What needs to be done:
Here is the task for the records below: repeat exactly the lines from the one with "Padmavati Women Silk" to the one with "Apartamento em leilão", both included, and nothing else.

Material for this task:
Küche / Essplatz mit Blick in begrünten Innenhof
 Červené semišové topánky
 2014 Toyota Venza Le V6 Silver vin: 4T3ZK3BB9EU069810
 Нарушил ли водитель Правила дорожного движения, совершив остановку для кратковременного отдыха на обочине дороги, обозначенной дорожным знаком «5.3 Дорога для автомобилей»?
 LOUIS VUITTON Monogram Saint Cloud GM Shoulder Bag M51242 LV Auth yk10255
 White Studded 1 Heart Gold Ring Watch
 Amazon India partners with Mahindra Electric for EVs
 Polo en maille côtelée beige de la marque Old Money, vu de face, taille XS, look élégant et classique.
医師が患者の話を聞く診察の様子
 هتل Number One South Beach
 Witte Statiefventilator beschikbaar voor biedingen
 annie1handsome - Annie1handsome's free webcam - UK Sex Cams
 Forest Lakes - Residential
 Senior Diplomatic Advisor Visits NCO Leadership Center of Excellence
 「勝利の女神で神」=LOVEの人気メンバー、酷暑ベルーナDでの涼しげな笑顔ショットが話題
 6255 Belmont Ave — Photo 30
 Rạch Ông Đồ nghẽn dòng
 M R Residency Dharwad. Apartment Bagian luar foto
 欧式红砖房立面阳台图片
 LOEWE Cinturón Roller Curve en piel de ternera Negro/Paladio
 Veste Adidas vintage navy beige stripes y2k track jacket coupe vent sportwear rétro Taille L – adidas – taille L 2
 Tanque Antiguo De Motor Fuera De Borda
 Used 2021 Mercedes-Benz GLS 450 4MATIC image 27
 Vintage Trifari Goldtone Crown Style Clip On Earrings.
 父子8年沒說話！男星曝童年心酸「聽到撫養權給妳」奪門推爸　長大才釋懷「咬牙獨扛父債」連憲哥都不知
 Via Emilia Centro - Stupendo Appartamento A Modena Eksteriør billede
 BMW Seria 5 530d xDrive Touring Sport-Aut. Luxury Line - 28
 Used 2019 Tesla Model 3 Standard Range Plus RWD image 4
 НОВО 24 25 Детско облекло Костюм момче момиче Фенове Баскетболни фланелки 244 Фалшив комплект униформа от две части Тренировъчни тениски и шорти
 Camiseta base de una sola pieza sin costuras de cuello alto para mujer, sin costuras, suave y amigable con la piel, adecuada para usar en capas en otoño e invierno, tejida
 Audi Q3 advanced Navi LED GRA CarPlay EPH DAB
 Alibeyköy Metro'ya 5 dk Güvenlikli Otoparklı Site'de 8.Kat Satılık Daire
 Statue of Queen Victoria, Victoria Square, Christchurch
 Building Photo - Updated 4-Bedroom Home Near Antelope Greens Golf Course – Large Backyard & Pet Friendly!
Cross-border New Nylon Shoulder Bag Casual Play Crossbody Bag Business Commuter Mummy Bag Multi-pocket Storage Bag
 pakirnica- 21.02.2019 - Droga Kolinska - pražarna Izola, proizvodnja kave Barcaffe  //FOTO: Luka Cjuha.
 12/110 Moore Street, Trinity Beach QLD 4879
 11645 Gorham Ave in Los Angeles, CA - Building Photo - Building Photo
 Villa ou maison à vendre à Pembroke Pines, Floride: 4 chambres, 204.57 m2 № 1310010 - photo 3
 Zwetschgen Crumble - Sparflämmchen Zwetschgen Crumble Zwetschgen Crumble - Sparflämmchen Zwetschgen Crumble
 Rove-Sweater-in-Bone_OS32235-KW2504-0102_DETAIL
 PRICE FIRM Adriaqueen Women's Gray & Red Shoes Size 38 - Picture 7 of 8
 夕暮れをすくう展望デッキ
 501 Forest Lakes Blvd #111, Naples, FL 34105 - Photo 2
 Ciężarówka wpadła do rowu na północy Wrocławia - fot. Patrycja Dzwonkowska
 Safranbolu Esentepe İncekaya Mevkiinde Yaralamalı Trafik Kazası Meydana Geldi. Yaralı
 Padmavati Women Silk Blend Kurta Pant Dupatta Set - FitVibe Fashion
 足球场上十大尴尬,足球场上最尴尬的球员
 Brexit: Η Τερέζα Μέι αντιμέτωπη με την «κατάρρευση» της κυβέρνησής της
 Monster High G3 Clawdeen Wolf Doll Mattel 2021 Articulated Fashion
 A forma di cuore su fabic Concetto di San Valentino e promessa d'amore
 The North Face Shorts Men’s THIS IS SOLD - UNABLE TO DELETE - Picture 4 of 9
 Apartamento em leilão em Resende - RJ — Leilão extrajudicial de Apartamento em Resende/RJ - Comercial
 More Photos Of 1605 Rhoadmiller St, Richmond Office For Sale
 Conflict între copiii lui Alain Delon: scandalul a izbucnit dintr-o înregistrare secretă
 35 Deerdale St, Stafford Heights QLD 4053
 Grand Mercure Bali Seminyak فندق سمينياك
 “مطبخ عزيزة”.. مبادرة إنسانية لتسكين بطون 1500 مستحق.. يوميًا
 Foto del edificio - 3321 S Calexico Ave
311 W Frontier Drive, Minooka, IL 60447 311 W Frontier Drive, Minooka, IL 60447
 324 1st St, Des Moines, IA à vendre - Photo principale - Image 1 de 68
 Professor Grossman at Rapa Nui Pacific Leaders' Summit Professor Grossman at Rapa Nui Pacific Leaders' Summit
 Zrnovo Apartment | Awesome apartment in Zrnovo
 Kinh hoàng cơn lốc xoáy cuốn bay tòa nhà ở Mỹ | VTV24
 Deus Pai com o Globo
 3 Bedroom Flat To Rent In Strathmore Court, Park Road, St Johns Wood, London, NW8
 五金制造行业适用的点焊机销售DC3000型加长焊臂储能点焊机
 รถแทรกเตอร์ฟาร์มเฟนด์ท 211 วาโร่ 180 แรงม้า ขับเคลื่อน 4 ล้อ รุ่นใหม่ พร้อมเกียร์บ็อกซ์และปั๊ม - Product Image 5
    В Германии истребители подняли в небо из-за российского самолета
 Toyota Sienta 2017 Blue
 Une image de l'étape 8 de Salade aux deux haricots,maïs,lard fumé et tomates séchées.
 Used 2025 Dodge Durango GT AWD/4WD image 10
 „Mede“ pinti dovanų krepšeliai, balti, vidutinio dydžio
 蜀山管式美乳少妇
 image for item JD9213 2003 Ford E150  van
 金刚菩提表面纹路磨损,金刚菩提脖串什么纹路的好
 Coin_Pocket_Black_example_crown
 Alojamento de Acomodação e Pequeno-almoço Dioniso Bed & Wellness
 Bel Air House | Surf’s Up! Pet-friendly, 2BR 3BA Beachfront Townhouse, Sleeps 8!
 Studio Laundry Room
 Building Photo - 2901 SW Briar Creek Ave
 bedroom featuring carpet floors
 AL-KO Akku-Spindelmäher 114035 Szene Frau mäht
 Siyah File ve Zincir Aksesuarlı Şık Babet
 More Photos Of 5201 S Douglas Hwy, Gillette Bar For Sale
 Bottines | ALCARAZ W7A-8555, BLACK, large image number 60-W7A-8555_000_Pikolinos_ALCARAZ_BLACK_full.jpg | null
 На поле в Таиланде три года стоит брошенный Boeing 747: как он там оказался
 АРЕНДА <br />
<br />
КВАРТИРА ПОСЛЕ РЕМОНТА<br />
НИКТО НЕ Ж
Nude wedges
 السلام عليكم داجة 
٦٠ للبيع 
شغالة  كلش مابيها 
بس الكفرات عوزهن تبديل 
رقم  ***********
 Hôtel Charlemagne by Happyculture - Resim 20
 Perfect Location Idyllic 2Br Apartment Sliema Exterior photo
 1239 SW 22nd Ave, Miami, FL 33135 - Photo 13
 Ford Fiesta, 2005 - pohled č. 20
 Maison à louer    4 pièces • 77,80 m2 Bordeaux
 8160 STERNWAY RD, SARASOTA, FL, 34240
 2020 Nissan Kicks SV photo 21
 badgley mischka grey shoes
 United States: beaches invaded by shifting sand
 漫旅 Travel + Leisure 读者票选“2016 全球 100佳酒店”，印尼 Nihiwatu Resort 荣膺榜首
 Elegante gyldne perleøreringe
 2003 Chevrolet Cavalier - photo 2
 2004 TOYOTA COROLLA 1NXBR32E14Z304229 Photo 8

Answer for the task:
 Padmavati Women Silk Blend Kurta Pant Dupatta Set - FitVibe Fashion
 足球场上十大尴尬,足球场上最尴尬的球员
 Brexit: Η Τερέζα Μέι αντιμέτωπη με την «κατάρρευση» της κυβέρνησής της
 Monster High G3 Clawdeen Wolf Doll Mattel 2021 Articulated Fashion
 A forma di cuore su fabic Concetto di San Valentino e promessa d'amore
 The North Face Shorts Men’s THIS IS SOLD - UNABLE TO DELETE - Picture 4 of 9
 Apartamento em leilão em Resende - RJ — Leilão extrajudicial de Apartamento em Resende/RJ - Comercial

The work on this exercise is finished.